Research group at the University of Tokyo has successfully developed the world's smallest nanomagnet, a single-digit nanosize hard ferrite magnet composed of iron oxide. Being composed of iron and oxygen, the magnet is eco-friendly, low cost, and suitable for mass production. The magnet should find applications in high-density magnetic recording for the next generation of archive media.
Ferrite magnets made of iron oxide are widely used in permanent magnets, magnetic recording media, electromagnetic wave absorbing materials, and magnetic fluids. Ferrite magnets have found applications as magnetic recording media, but there is ever greater need to increase the storage density of such materials. One important challenge for increasing density is the development of nanometer-scale magnetic particles with a large coercivity (that is, resistance to change in magnetic state). Ferrite magnets have the chemical stability required at the nanometer scale, but since known materials cannot maintain magnetism as particle size is reduced, there were no hard ferrite magnets with a particle size of less than ten nanometers.

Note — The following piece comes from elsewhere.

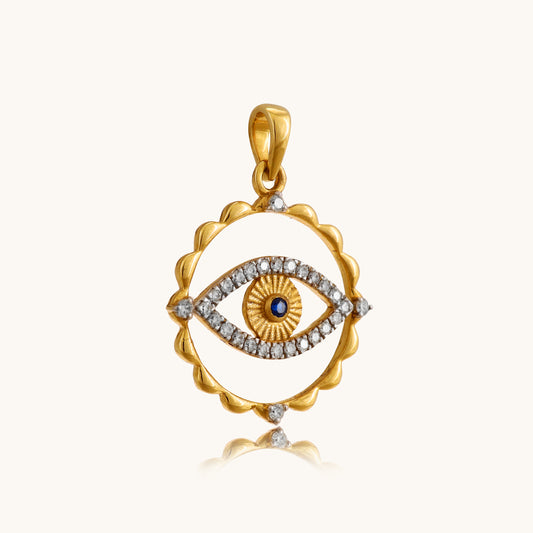 Elevate your style and safeguard yourself with our 18 kt Beaded Evil Eye Diamond Pendant from the Spring Edit. Meticulously crafted with precision and rich symbolism, this exquisite piece is a must-have addition to your fine jewelry collection. Priced under 30,000, it offers affordable luxury and timeless elegance.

The research group of Professor Shin-ichi Ohkoshi in the Graduate School of Science, the University of Tokyo, has developed a new method to systematically synthesize epsilon-type iron oxide (ε-Fe₂O₃) particles of different sizes in the range of 5 to 40 nm, and revealed that ε-Fe₂O₃ larger than 7.5 nm exhibits magnetic properties (ferromagnetic phase transition). For use in magnetic recording media such as magnetic tape and hard discs, a material should have a coercive field larger than 3 kOe. The present material exhibits a coercive field of 5 kOe at 8 nm particle size, demonstrating its potential as a material for ultra-high density magnetic recording. In addition, epsilon-type iron oxide has been shown theoretically and experimentally to exhibit not only ferromagnetic properties but also spontaneous electric polarization, making it also the smallest multiferroic ferrite particle yet.
Iron oxide, composed of only iron and oxygen, is a suitable material for mass production since this material is eco-friendly and low cost. The developed single-nanosize hard ferrite magnet is expected to be applied in the next generation use of high-density magnetic recording for archive media.
(S. Ohkoshi, et al., Scientific Reports, (2015).)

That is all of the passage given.